April 14, 2026
Click 'No'? They heard 'More, please'
Google, Microsoft, Meta All Tracking You Even When You Opt Out
Audit says opt-outs ignored; commenters demand real penalties and joke 'dolphins be damned'
TLDR: A new audit claims Google, Meta, and Microsoft often ignore California “do not track” signals and still set ad cookies; the companies dispute it. Commenters are split between fatalists, technical nitpickers, and punishment hawks, joking about “dolphins be damned” while demanding enforcement that actually scares Big Tech.
An independent audit lit up the internet with a spicy claim: even when Californians hit “do not track,” Google, Microsoft, and Meta allegedly still drop ad cookies. webXray says it scanned 7,000 popular sites and found opt-outs were ignored more than half the time—Google 87%, Meta 69%, Microsoft 50%. Google fired back that the report “misunderstands” its tech, but the crowd wasn’t buying the vibes.

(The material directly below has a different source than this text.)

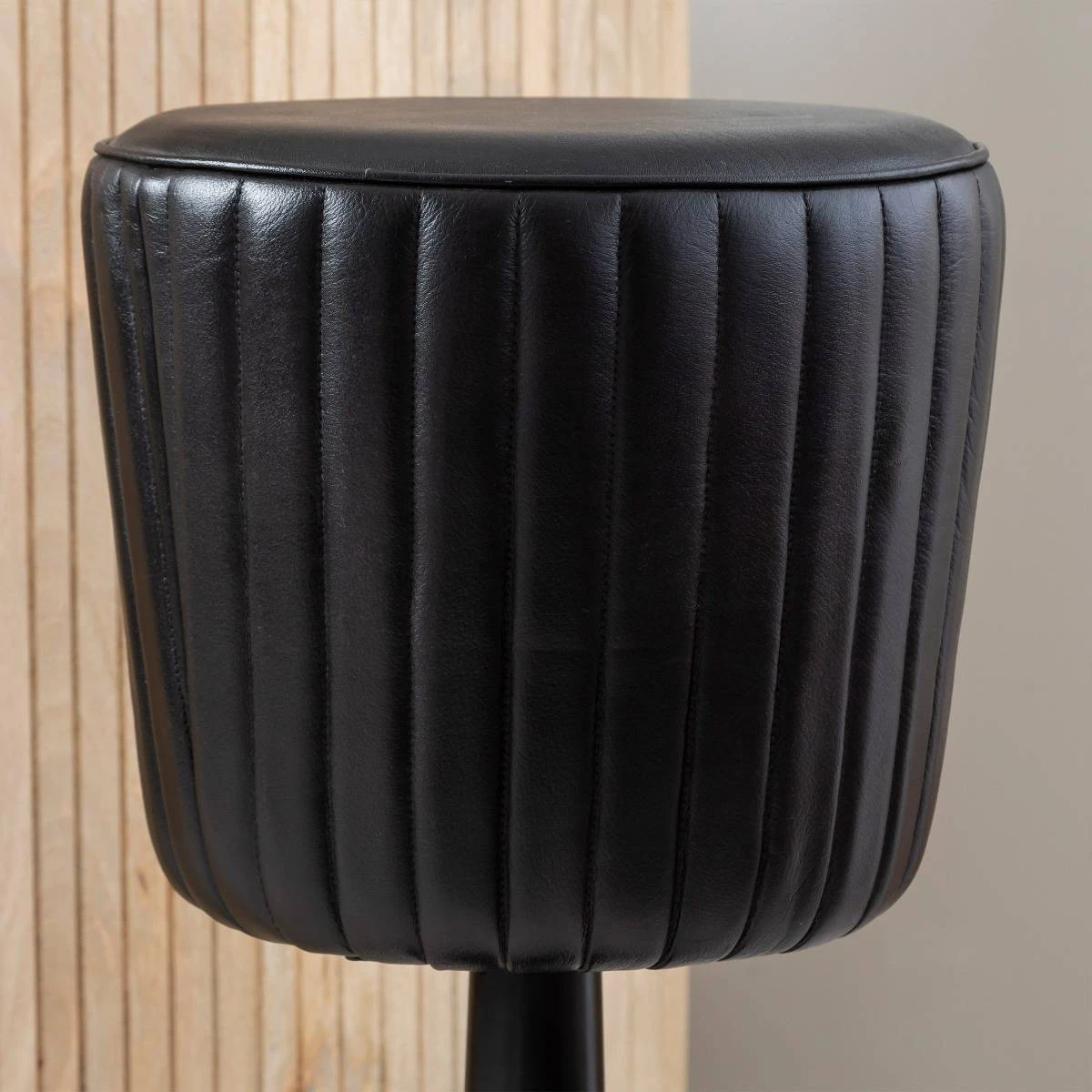 Tabouret De Bar En Cuir Noir Porto 6 Tabouret De Bar En Cuir Noir Porto – Image 4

The comment section went full courtroom drama. One top voice sighed that we should always assume it’s recorded, settings be damned. Another camp said the real problem isn’t just cookies; “Cookies ≠ tracking,” pointing out companies can follow you without them, while die-hards joked the fix is simple: turn off JavaScript. Meanwhile, the angry bloc demanded pain, not pocket change: fines that “do real damage,” maybe even jail time, because current penalties feel like a cost of doing business. Cue memes: “Big Tech is a trawler net—dolphins be damned.”
Adding fuel, the audit called out those endless cookie pop-ups—Consent Management Platforms (CMPs)—as theater, noting Google even certifies some CMPs, a conflict critics love to hate. Ex-Googler and webXray founder Timothy Libert told 404 Media fines have basically become taxes. The community verdict? If opt-out signals like Global Privacy Control aren’t honored, then the “No” button is just decoration—and everyone’s over it.
Key Points
- •webXray’s audit of 7,000+ popular California websites found 55% set ad cookies despite users opting out via GPC.
- •Reported GPC non-compliance rates: Google 87%, Meta 69%, Microsoft 50%.
- •Audit details alleged behaviors: Google’s servers set an IDE ad cookie despite 'sec-gpc: 1'; Meta’s code sets cookies without GPC checks; Microsoft failed similarly half the time.
- •Google, Microsoft, and Meta disputed the research, with Google citing a 'fundamental misunderstanding.'
- •webXray, founded by ex-Google cookie policy lead Timothy Libert, also scrutinized CMPs and Google’s CMP Partner Program in the context of opt-out effectiveness.